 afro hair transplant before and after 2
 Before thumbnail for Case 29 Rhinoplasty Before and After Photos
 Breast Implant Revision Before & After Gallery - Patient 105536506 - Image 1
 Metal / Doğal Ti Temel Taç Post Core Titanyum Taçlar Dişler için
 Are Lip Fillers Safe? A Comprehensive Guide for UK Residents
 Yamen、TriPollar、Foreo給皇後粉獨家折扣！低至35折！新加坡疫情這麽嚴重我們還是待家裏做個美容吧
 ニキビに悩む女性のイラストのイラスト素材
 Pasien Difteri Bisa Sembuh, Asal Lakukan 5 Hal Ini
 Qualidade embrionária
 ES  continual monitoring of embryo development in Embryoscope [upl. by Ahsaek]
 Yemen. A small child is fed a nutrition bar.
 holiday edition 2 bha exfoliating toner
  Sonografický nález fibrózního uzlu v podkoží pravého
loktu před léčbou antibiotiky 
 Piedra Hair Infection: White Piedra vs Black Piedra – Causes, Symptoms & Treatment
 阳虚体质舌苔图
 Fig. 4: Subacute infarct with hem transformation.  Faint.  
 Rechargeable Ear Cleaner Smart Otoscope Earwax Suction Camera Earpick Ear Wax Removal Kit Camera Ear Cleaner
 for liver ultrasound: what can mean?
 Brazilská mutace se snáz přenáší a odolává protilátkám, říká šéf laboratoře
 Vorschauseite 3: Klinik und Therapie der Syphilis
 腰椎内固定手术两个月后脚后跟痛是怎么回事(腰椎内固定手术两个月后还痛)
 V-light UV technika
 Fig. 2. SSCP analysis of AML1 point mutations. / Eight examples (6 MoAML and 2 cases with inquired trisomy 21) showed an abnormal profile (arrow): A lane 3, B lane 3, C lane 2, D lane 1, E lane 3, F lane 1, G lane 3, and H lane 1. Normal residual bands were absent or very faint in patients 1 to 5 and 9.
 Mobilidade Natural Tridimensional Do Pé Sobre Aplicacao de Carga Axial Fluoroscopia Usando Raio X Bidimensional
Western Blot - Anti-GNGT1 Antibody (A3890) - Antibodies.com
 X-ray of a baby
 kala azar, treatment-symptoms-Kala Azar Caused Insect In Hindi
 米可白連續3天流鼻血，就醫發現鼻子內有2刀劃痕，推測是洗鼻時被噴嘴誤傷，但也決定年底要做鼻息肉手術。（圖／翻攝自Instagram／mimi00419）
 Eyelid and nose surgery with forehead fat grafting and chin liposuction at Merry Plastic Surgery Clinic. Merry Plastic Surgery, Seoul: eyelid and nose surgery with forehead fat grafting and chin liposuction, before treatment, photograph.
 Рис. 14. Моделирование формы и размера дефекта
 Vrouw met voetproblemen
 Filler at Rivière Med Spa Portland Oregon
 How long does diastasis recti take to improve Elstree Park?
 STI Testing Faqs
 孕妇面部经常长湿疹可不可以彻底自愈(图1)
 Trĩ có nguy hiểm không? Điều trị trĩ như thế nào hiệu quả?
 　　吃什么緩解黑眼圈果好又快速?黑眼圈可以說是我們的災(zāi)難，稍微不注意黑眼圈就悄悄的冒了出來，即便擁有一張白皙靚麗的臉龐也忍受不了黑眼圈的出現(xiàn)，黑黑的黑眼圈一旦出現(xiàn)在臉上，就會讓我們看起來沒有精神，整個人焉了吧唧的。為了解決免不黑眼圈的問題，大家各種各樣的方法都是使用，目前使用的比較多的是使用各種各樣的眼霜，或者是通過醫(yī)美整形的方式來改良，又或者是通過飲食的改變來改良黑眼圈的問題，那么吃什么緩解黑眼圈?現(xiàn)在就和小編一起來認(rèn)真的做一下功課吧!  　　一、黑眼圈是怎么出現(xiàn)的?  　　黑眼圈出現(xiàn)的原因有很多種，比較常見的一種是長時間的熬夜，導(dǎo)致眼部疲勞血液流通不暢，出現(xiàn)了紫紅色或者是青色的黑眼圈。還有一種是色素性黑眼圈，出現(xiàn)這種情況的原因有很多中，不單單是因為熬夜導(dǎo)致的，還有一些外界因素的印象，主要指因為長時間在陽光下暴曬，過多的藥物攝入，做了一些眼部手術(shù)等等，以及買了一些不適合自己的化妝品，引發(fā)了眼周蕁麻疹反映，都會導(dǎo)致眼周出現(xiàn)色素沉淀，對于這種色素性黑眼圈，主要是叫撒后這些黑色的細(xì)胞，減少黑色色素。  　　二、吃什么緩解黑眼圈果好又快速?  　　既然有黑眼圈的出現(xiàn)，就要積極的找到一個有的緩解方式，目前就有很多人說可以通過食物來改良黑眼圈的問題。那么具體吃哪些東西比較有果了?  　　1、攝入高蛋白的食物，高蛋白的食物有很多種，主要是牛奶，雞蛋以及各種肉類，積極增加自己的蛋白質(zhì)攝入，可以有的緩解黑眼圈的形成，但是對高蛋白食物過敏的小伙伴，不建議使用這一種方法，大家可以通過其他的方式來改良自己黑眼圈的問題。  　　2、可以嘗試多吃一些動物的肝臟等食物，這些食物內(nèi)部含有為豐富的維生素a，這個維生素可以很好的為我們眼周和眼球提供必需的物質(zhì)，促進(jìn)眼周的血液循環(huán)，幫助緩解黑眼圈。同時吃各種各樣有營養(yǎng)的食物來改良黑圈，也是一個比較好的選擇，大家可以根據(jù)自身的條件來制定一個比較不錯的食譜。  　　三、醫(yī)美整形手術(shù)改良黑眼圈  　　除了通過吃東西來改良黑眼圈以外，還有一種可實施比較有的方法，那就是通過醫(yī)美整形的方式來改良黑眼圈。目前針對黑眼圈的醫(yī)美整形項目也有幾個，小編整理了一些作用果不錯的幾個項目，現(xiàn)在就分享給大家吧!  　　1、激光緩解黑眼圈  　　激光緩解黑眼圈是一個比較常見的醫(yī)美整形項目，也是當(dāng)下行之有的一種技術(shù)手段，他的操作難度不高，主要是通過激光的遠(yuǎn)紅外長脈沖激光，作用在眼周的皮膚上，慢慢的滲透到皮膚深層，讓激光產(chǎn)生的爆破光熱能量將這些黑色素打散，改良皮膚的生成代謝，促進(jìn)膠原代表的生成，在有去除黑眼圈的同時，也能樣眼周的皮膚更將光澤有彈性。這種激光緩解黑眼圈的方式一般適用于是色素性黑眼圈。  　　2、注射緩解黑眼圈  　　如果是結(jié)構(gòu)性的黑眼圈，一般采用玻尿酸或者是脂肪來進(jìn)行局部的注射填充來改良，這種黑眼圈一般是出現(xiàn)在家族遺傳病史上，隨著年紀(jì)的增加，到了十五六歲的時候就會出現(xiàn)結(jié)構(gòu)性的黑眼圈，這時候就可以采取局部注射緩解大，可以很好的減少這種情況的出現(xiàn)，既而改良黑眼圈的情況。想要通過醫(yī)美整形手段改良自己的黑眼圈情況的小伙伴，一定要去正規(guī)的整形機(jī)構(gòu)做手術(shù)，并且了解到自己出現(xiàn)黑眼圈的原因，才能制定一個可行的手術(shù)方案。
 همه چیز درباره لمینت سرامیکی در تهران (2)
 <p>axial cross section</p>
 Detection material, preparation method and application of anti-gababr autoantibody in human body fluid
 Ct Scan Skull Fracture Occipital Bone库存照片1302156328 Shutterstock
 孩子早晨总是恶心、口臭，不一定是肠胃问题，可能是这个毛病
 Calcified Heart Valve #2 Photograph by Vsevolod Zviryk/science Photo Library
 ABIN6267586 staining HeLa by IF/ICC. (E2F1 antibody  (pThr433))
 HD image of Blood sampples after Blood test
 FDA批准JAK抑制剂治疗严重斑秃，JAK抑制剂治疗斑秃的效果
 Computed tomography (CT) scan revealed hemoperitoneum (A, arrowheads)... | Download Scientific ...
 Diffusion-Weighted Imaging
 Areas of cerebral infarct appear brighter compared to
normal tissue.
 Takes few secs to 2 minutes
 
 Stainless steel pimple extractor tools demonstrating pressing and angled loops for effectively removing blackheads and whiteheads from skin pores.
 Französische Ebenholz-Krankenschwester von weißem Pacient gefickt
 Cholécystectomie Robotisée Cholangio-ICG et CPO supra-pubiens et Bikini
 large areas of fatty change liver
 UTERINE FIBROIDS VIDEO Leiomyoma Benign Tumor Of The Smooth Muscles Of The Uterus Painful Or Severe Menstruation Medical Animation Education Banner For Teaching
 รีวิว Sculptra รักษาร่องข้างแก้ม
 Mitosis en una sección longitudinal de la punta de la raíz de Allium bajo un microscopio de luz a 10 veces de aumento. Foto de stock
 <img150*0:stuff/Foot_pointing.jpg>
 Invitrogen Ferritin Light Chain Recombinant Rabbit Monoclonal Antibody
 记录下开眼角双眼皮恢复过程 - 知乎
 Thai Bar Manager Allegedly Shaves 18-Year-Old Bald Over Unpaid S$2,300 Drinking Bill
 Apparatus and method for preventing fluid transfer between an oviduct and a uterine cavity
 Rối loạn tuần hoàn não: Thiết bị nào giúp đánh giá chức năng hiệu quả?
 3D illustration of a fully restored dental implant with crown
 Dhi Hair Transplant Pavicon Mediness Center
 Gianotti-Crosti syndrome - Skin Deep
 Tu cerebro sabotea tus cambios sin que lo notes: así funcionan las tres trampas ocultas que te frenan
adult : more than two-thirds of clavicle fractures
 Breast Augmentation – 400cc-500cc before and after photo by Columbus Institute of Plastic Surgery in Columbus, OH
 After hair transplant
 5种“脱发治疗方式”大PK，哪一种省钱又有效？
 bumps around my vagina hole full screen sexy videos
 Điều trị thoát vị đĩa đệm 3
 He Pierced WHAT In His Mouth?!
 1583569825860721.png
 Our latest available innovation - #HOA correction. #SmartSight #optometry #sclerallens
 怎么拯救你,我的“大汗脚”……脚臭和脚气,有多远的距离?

_Work request_
Figure out how many lines of the material above hold the word "Plastic", and answer with that number only.

_Expected output_
2